### DATA EXTRACT
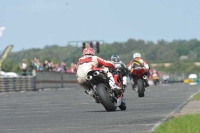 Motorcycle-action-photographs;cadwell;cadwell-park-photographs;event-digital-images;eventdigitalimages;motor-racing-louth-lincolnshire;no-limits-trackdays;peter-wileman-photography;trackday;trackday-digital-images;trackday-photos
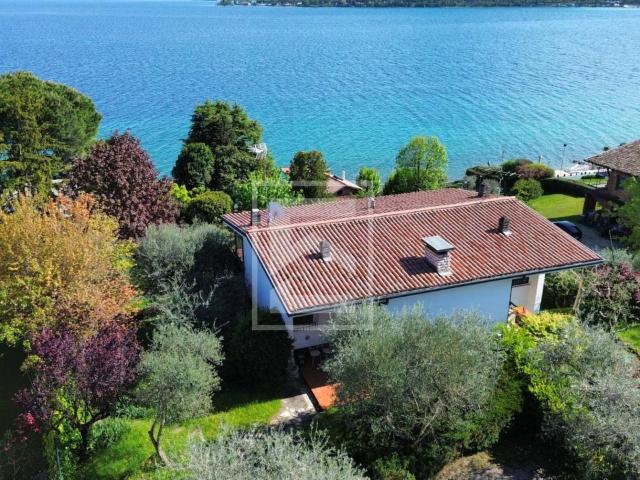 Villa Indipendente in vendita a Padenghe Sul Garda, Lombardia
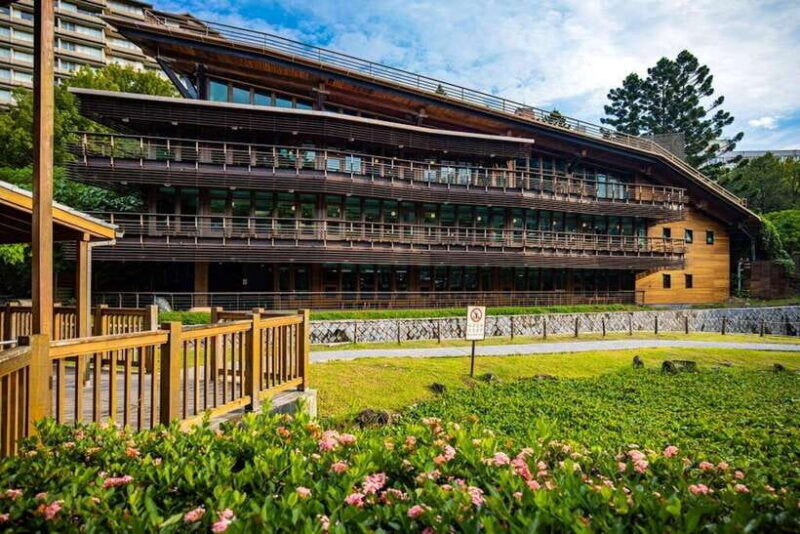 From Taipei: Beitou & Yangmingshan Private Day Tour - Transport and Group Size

...

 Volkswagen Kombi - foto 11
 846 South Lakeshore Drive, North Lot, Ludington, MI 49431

---

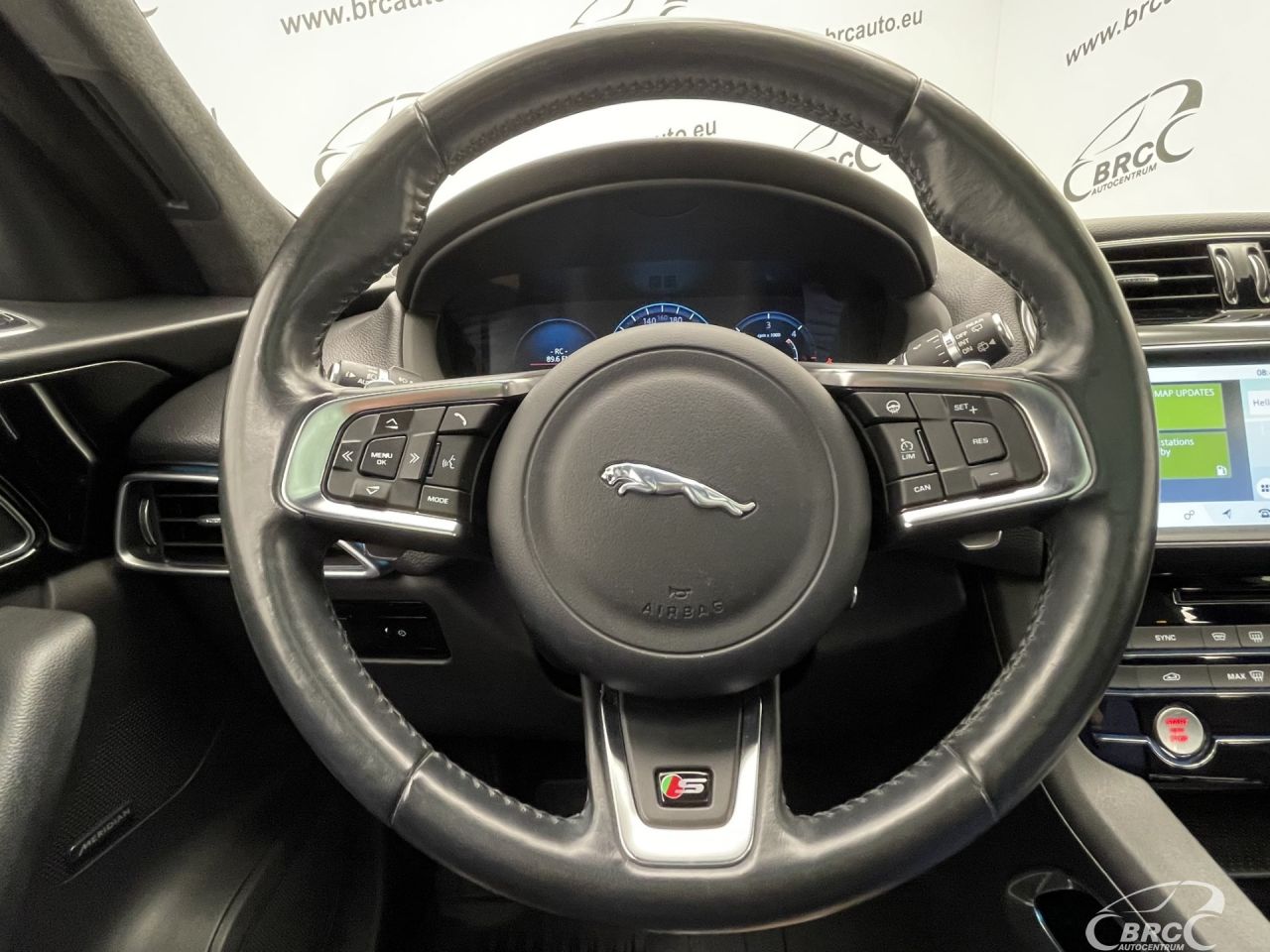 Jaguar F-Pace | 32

### AIM OF THE TASK
From the records above, repeat exactly the lines from the one with "Volkswagen Kombi - foto 11" through the one with "846 South Lakeshore", both included.

### RESPONSE
 Volkswagen Kombi - foto 11
 846 South Lakeshore Drive, North Lot, Ludington, MI 49431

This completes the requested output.